◆ EXERCISE AIM: A word-for-word copy of every entry below is required; the images do not belong in it.

= = = = = = =

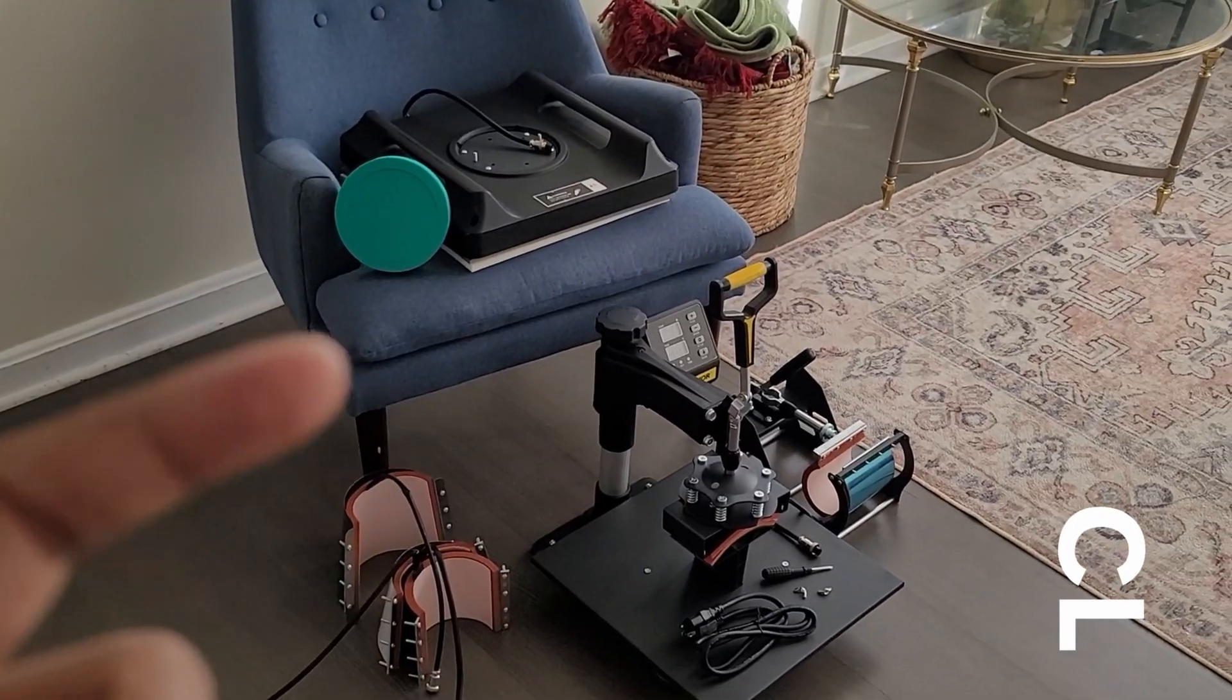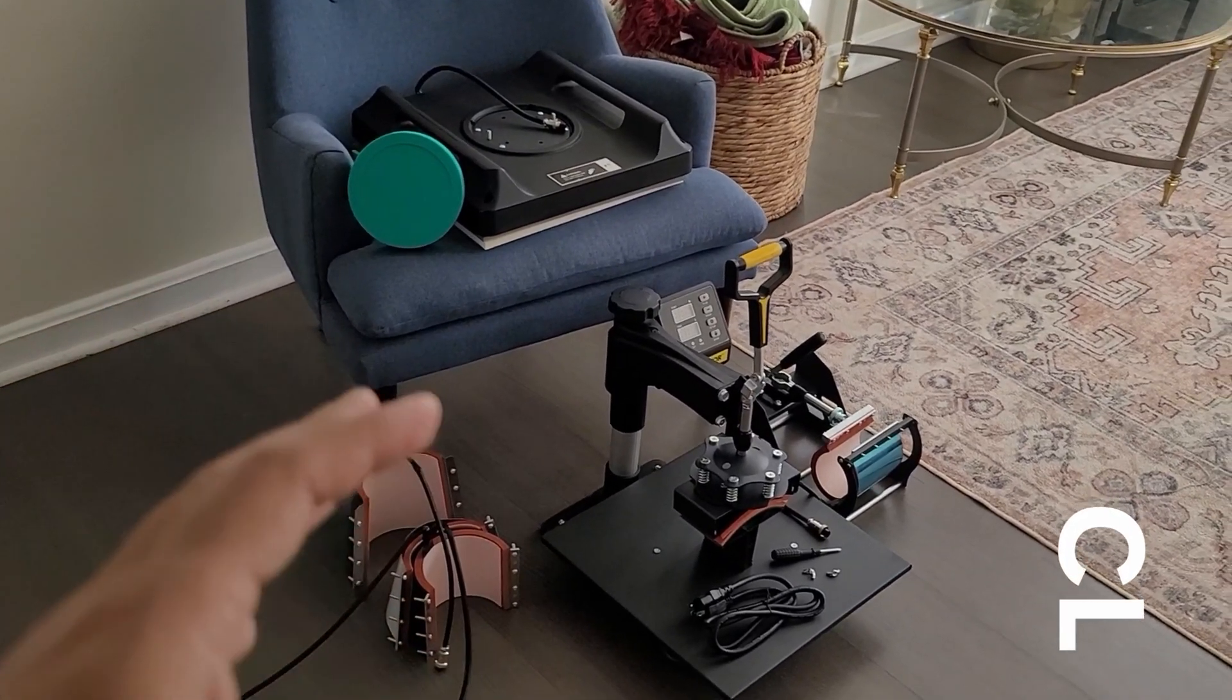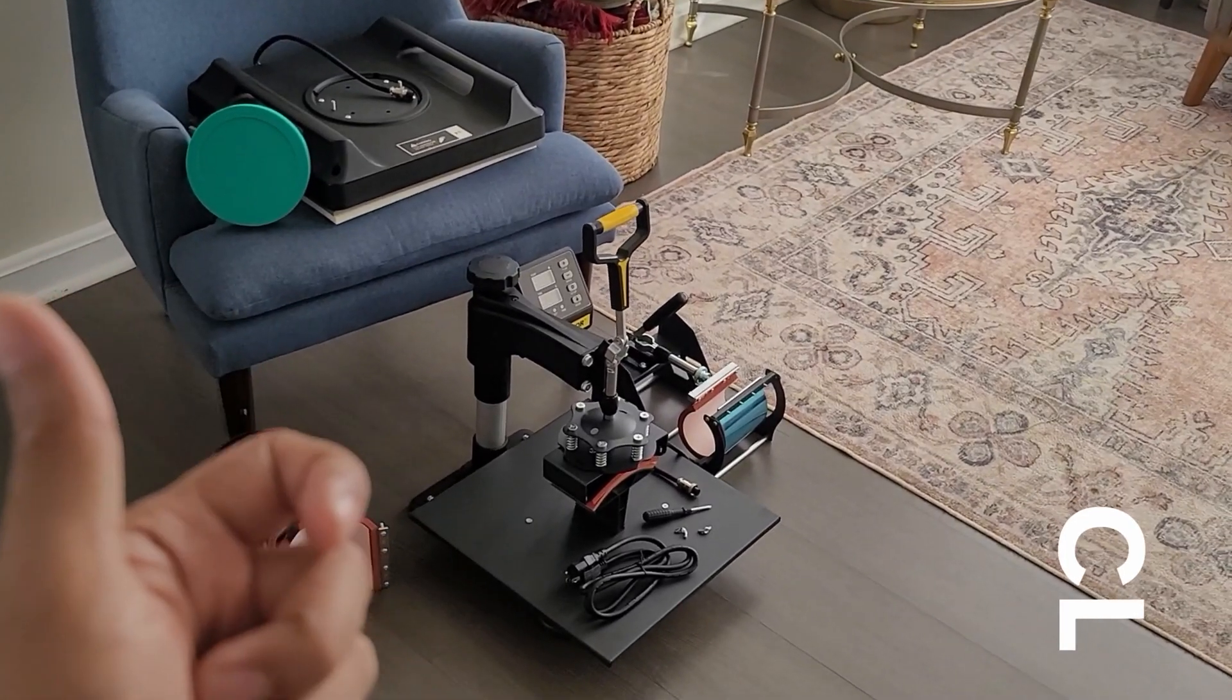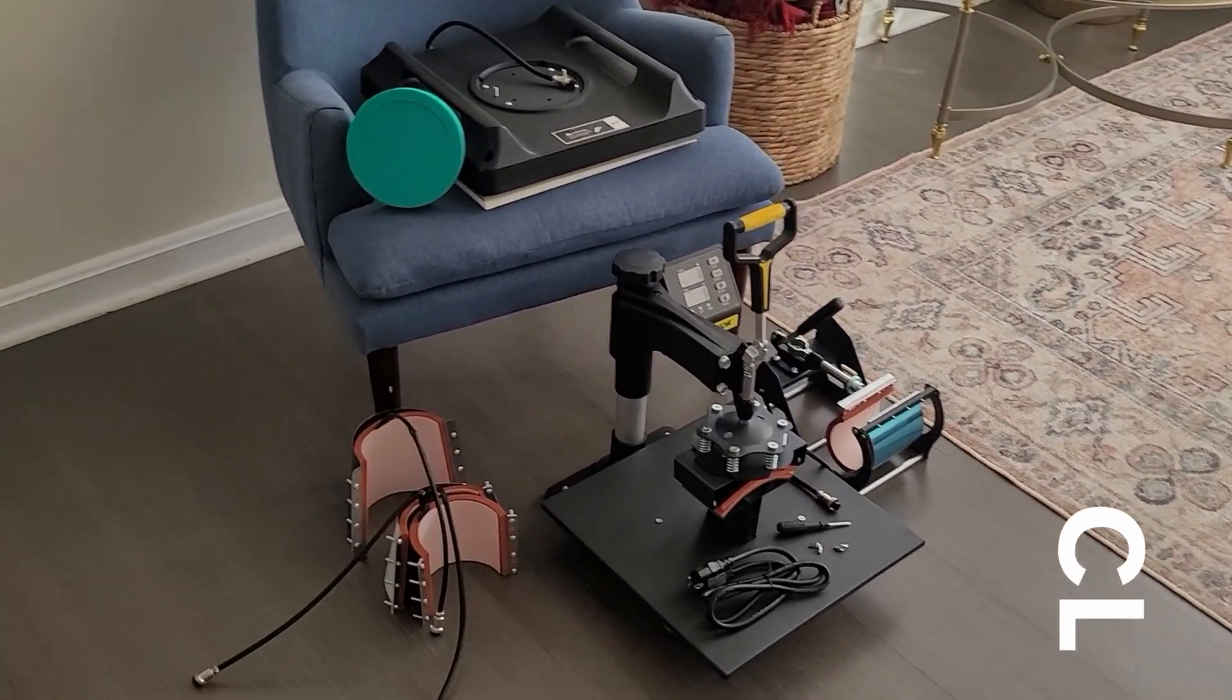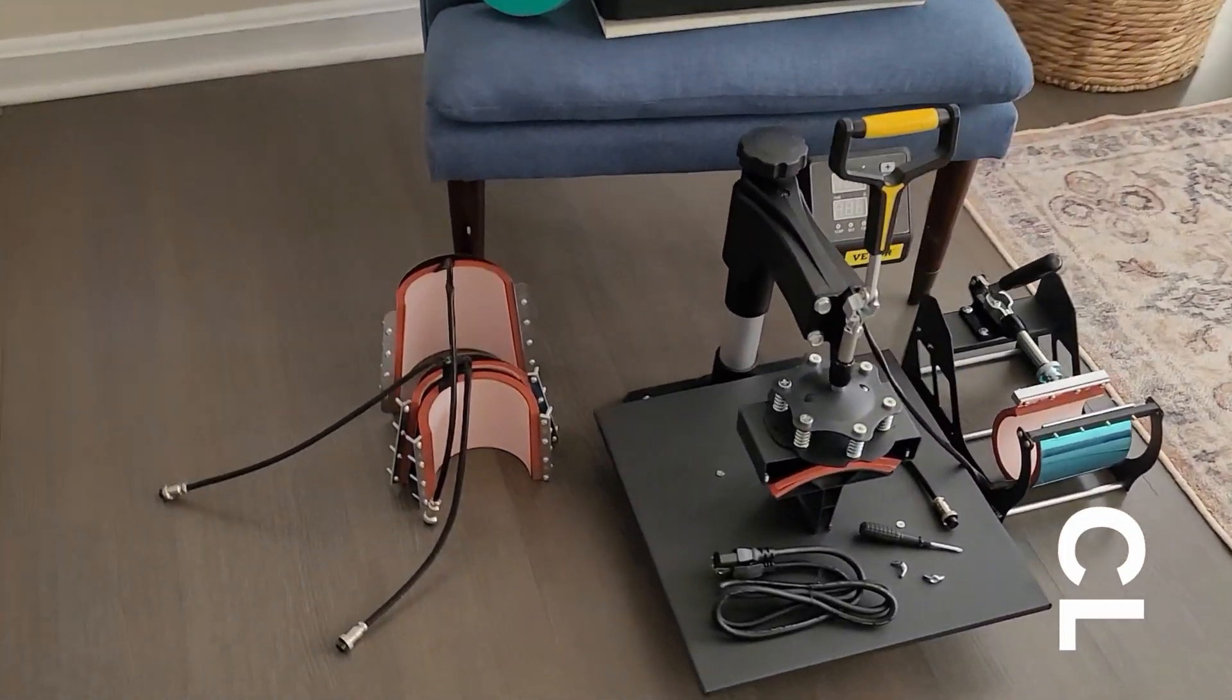This press was super simple to assemble and understand. Very much looking forward to making some shirts for the kids' birthday party. We'll see you next time.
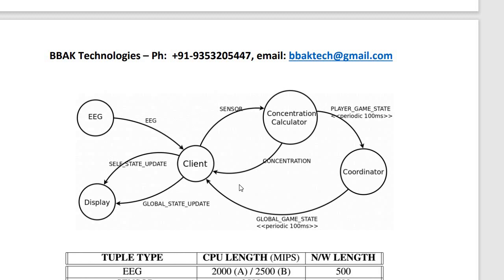Good morning. We are from BBIK Technologies. We are continuing the IoT infrastructure requirements for easy game application deployment discussion. Now we will talk about hardware details and discuss how hardware infrastructure is scattered across smart cities.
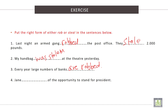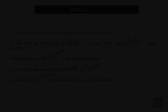And the last sentence: Jane was robbed of the opportunity to stand for president. Thank you very much and see you next time.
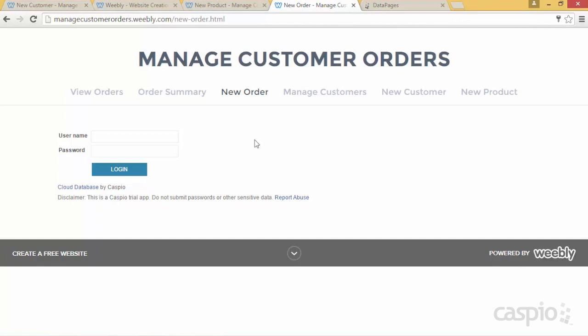I truly hope that you enjoyed today's video. We went through taking an existing local Access database application and using Caspio and Weebly, we were able to recreate all of that functionality and have the application accessible via the web. If you have any questions, feel free to reach out to us directly. For more in-depth tutorials and videos on how to use Caspio, visit our knowledge base at howto.caspio.com. Thanks so much for your time — if you liked the video, please like it and don't forget to subscribe for the latest videos, tips and tricks on how to use Caspio. Have a great day!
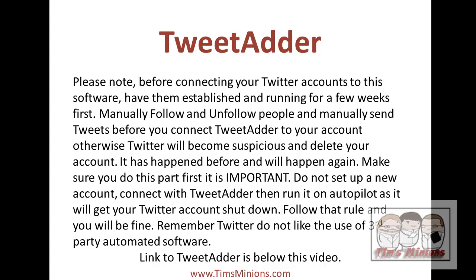Follow this rule and you'll be fine. But remember, Twitter do not like the use of third party automated software. It is part of their terms and conditions. Make sure your Twitter accounts are established first. I hope you found this video to be helpful and just below the video you'll find a link to TweetAdder.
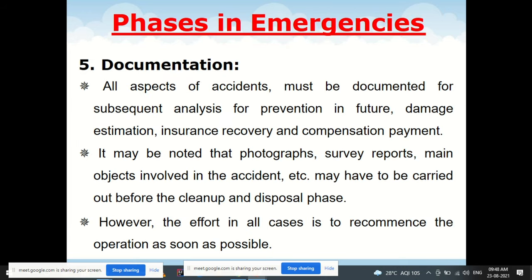Documentation requires that all aspects of the accident be recorded for subsequent analysis, prevention in future, damage estimation, insurance, recovery, and compensation payment. Photographs, survey reports, and details of main objects involved must be carried out before the cleanup and disposal phase. The overall effort is to recommence operations as early as possible.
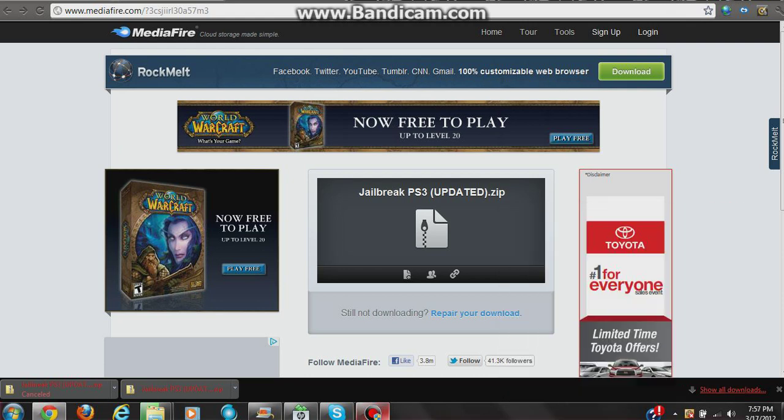Alright guys, I'll be showing you how to jailbreak a PS3 on all firmwares, and this does work. What you're going to need is a PS3, a USB flash drive, and a laptop or computer.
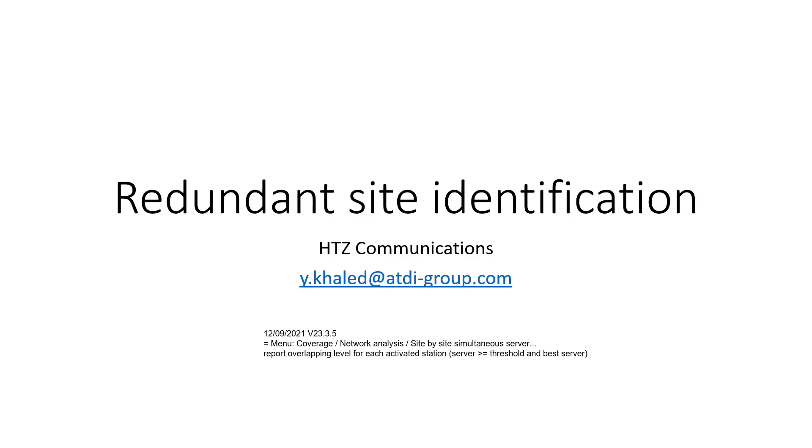Hello again, my name is Yaya. This is another small training, a very brief training addressing the topic of redundant site identification.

= = = = = = =

◆ PROBLEM SOLUTION:
This press was super simple to assemble and understand. Very much looking forward to making some shirts for the kids' birthday party. We'll see you next time.
Good morning. We are from BBIK Technologies. We are continuing the IoT infrastructure requirements for easy game application deployment discussion. Now we will talk about hardware details and discuss how hardware infrastructure is scattered across smart cities.
And the last sentence: Jane was robbed of the opportunity to stand for president. Thank you very much and see you next time.
I truly hope that you enjoyed today's video. We went through taking an existing local Access database application and using Caspio and Weebly, we were able to recreate all of that functionality and have the application accessible via the web. If you have any questions, feel free to reach out to us directly. For more in-depth tutorials and videos on how to use Caspio, visit our knowledge base at howto.caspio.com. Thanks so much for your time — if you liked the video, please like it and don't forget to subscribe for the latest videos, tips and tricks on how to use Caspio. Have a great day!
Follow this rule and you'll be fine. But remember, Twitter do not like the use of third party automated software. It is part of their terms and conditions. Make sure your Twitter accounts are established first. I hope you found this video to be helpful and just below the video you'll find a link to TweetAdder.
Documentation requires that all aspects of the accident be recorded for subsequent analysis, prevention in future, damage estimation, insurance, recovery, and compensation payment. Photographs, survey reports, and details of main objects involved must be carried out before the cleanup and disposal phase. The overall effort is to recommence operations as early as possible.
Alright guys, I'll be showing you how to jailbreak a PS3 on all firmwares, and this does work. What you're going to need is a PS3, a USB flash drive, and a laptop or computer.
Hello again, my name is Yaya. This is another small training, a very brief training addressing the topic of redundant site identification.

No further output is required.